Regia: Jacques Audiard
Origine: Francia
Anno: 2015
Durata: 109'
Attori principali: Jesuthasan Antonythasan, Kalieaswari Srinivasan
L’ultima pellicola di Jacques Audiard, premiata nell’ultima edizione del Festival di Cannes con la Palma d’oro, entra di prepotenza tra le visioni più interessanti dell’anno cinematografico ancora in corso, merito del modo in cui vengono trattati argomenti piuttosto difficili da digerire, nel mondo multipolare e globalizzato che caratterizza la nostra società. Il protagonista di quest’opera, Dheepan, è parte attiva in una guerra civile che sta dissanguando lo Sri Lanka. L’unica via d’uscita è l’emigrazione in stati apparentemente più vivibili, ma per fare ciò ha bisogno di una sorta di lasciapassare.

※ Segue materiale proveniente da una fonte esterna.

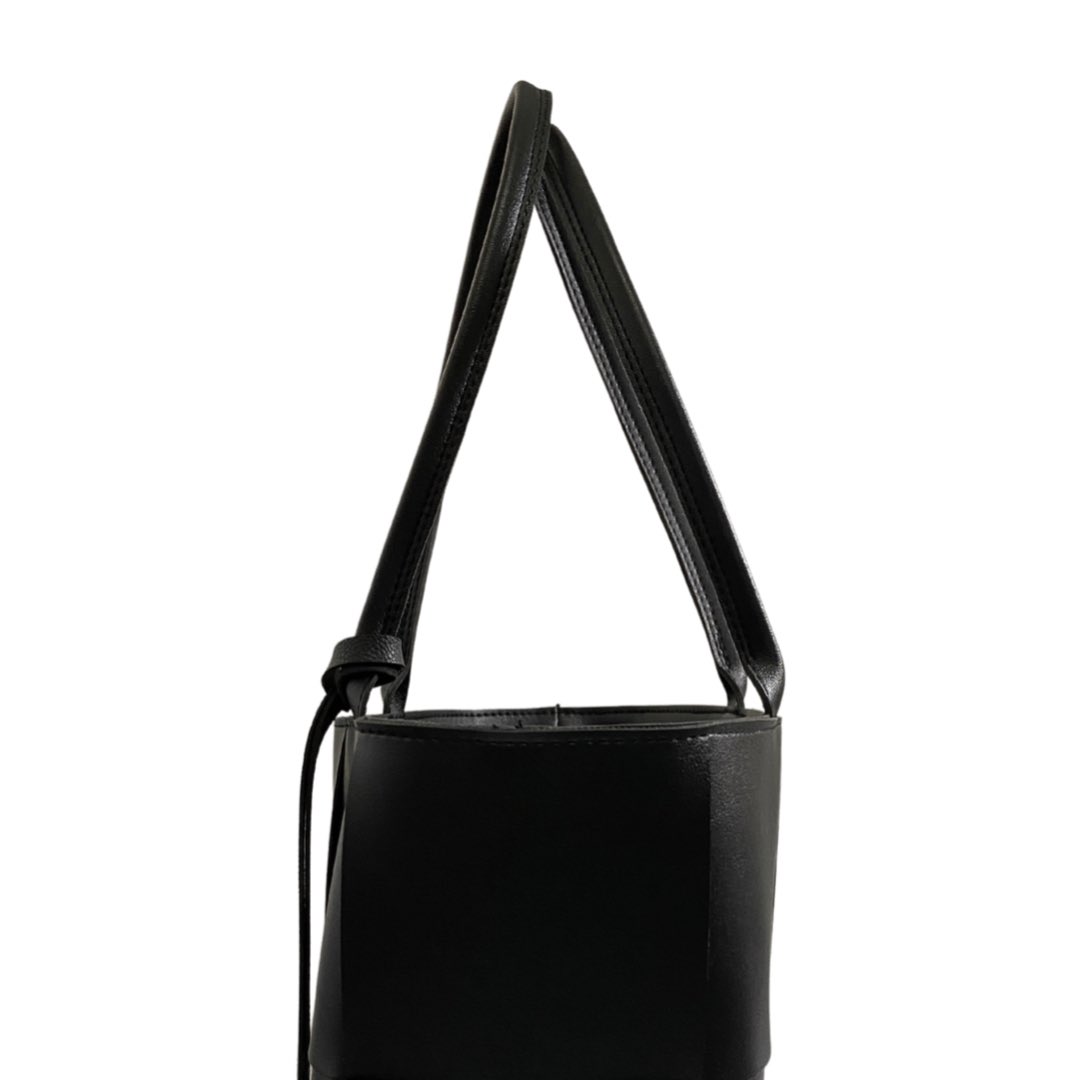 megat_sharezman's tweet image. Megat potong~
Megat jahit~
Megat jual beg~
•
Beg blh customise. Pilih nk warna apa.
•
Nk tgk harga, ukuran &amp;amp; design beg blh visit:
•
SocMed Kami: 👉 linktr.ee/megatsharezman
•
Atau DM Terus 👉 wa.me/c/60142451711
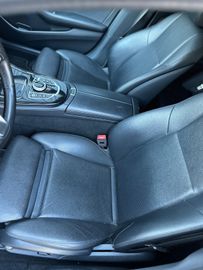 Mercedes E 220 - 12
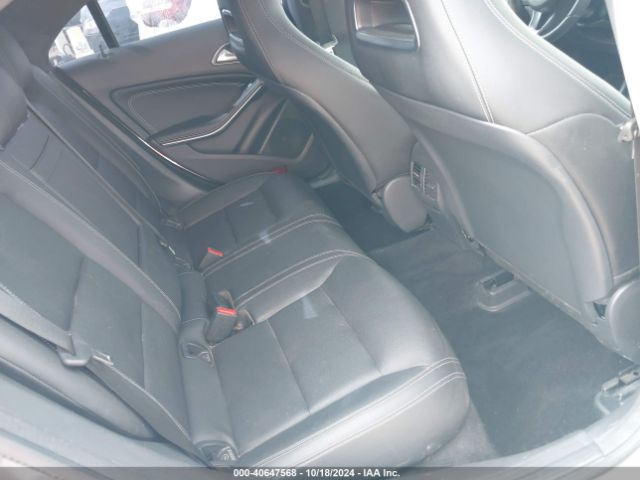 WDDSJ4EBXHN424877 Mercedes-Benz CLA 250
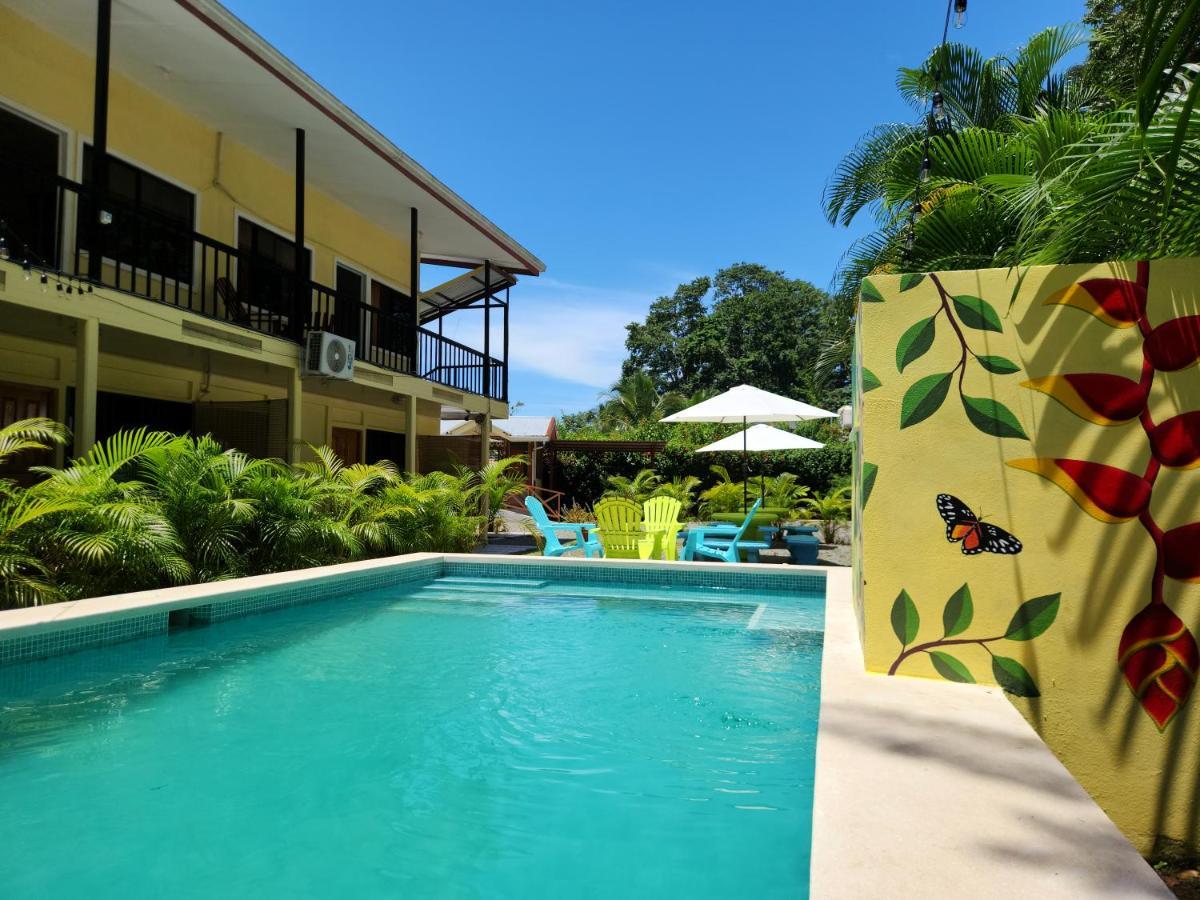 Family Hotel Puerto Viejo de Talamanca Eksteriør billede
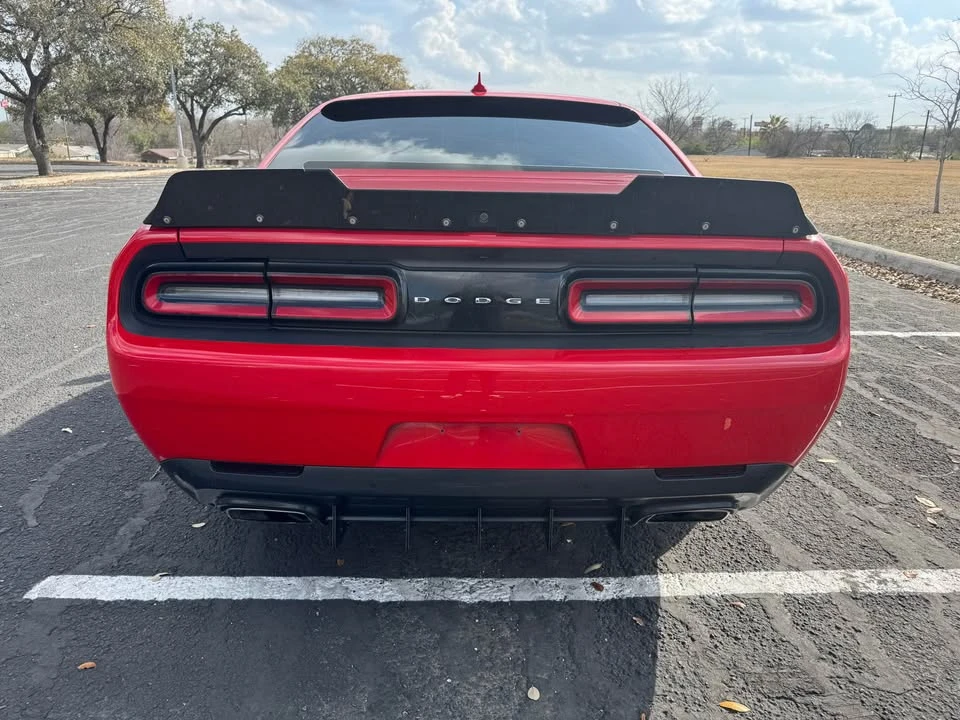 2016 Dodge Challenger SRT8 & 392 3rd Gen - Image 5 of 11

Ecco che perciò verrà accompagnato in questo viaggio da una donna e una bambina, due perfette sconosciute, che come lui hanno perso ormai tutto, e per garantirsi i documenti validi per espatriare e per vivere in un altro paese dovranno fingere di essere una famiglia. Arrivato in Francia, Dheepan diventerà il custode di una serie di palazzine situate in una periferia ormai abbandonata a se stessa. La convivenza in questo quartiere gestito di fatto dalla piccola criminalità organizzata metterà a dura prova la vita di queste tre personalità.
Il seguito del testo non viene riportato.